Send your resume & motivation letter to gianvito.scaringi@natur.cuni.cz

Position 1. Effect of temperature on the engineering behaviour of geomaterials

Supervisor: Dr. Gianvito Scaringi

Required experience/skills: coding of constitutive models of geomaterials, and/or thermo-hydromechanical numerical modelling of geomaterials (e.g., Plaxis, Comsol, Geostudio), and/or experience in a soil mechanics laboratory conducting advanced experiments (e.g., unsaturated and/or cyclic/dynamic triaxial, thermal oedometer or triaxial, CRS oedometer, ring shear), and/or fieldwork experience with energy geostructures.
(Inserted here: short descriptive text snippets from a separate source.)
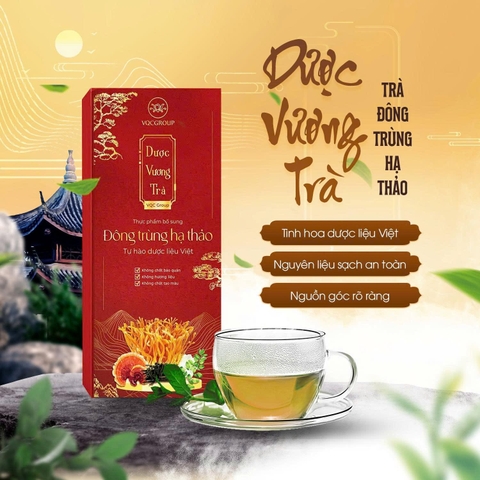 Dược Vương Trà – Trà Đông Trùng Hạ Thảo VQC H/24 túi lọc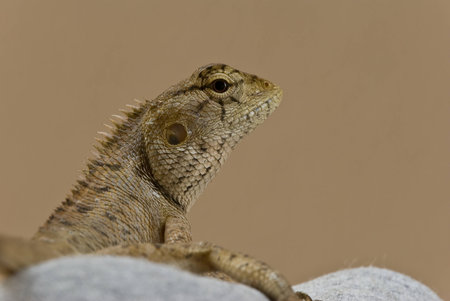 Chameleon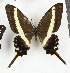  (Graphium illyris - CTBB-3589)  @11 [ ] Copyright © (2023) Th. Bouyer Research Collection of Thierry Bouyer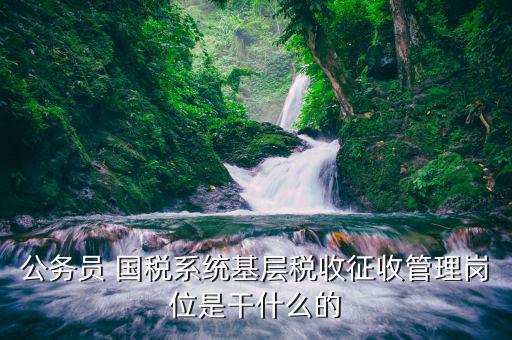基層稅務(wù)機(jī)關(guān)做什么的，公務(wù)員 國(guó)稅系統(tǒng)基層稅收征收管理崗位是干什么的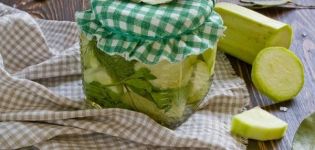 Recipes for marinating zucchini with dill for the winter you will lick your fingers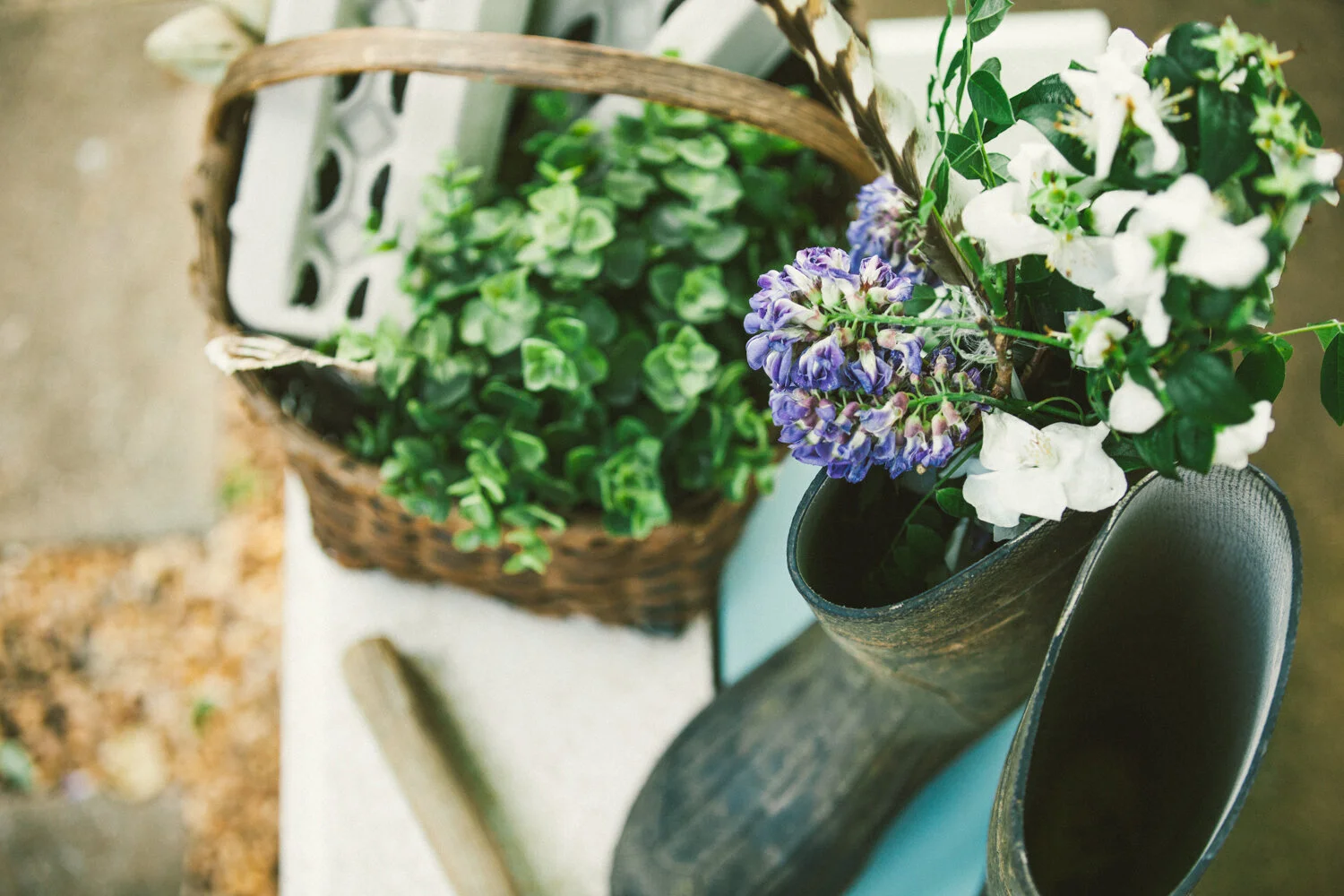 VSCO_JudySchenk_small_-0492.jpg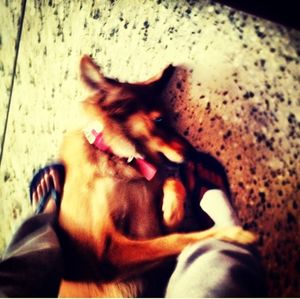 pets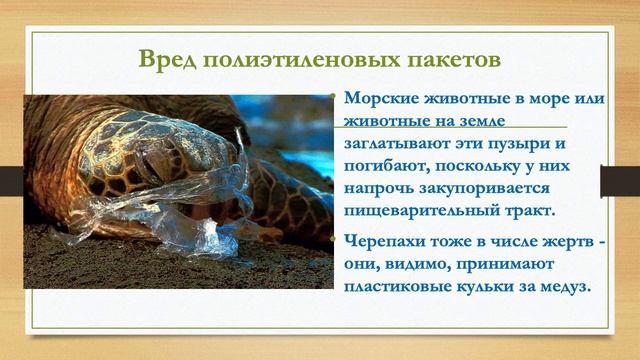 Жизнь без полиэтиленовых пакетов смотреть онлайн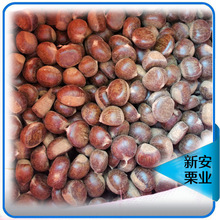 跑江湖板栗本小利大毛栗子油板栗地摊货大量批发栗子仁栗子粉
Project description: Temperature and its changes significantly affect the mechanical and hydraulic behaviour of geomaterials. In soils, temperature controls compressibility and shear strength, swelling potential, and hydraulic conductivity, among other characteristics. Heating-cooling cycles can lead to permanent deformation and stiffening. In rocks, temperature affects permeability and stiffness, and temperature fluctuations can significantly enhance the mechanical and chemical degradation of rock masses.

This dependence on temperature, often understudied, is relevant to several engineering geological problems, from slope stability and geohazard propagation to the design of waste repositories, underground heat storage, and energy geostructures.

The proposed work aims to provide insights into the thermo-hydro-mechanically coupled behaviour of geomaterials via advanced laboratory experiments and the development of modelling tools through constitutive modelling. Depending on the student’s inclinations, the work will also include the development of field data acquisition and monitoring strategies, the set up of proof-of-concept demonstrations (physical models, mock-ups), or the numerical simulation of case studies to validate the gained knowledge.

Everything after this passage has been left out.